Existem muito poucos lugares na Terra onde a vida não tem um ponto de apoio. Múltiplos fatores contribuem para a habitabilidade geral do nosso planeta: água líquida abundante, placas tectônicas, composição do volume, proximidade do Sol, magnetosfera, etc.
Qual é o papel da proporção de oceanos em relação à terra?
Nossa compreensão da habitabilidade é bastante rudimentar neste ponto, embora seja baseada em evidências. Contamos com a zona habitável em torno das estrelas para localizar exoplanetas potencialmente habitáveis.
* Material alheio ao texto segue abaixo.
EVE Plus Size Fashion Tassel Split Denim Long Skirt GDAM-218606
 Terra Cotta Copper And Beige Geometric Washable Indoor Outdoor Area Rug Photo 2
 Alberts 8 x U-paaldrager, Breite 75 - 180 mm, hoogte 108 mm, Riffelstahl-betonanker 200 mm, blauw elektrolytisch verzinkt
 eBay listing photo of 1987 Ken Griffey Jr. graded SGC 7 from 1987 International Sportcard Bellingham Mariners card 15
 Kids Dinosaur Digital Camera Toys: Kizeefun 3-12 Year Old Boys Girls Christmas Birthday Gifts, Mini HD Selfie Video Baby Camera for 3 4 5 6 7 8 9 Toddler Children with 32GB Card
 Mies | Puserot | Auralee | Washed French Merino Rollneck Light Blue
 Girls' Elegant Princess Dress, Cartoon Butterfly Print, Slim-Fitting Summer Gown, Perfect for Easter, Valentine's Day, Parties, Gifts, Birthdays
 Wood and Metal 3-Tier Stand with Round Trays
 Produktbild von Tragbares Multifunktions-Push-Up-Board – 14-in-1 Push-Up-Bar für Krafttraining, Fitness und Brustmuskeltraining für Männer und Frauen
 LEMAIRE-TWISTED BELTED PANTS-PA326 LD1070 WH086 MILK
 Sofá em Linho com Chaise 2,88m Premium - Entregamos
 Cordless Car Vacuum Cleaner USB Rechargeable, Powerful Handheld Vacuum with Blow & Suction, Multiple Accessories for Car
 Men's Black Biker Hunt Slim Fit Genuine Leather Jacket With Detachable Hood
É um fator fácil de verificar a grande distância e se baseia no potencial de água líquida dos planetas.
Ainda estamos desenhando um quadro maior e mais detalhada da habitabilidade e sabemos que coisas como placas tectônicas, composição do volume, magnetosfera, composição e pressão atmosférica e outros fatores desempenham um papel na habitabilidade.
Mas e quanto à proporção de oceanos em relação à terra de um planeta?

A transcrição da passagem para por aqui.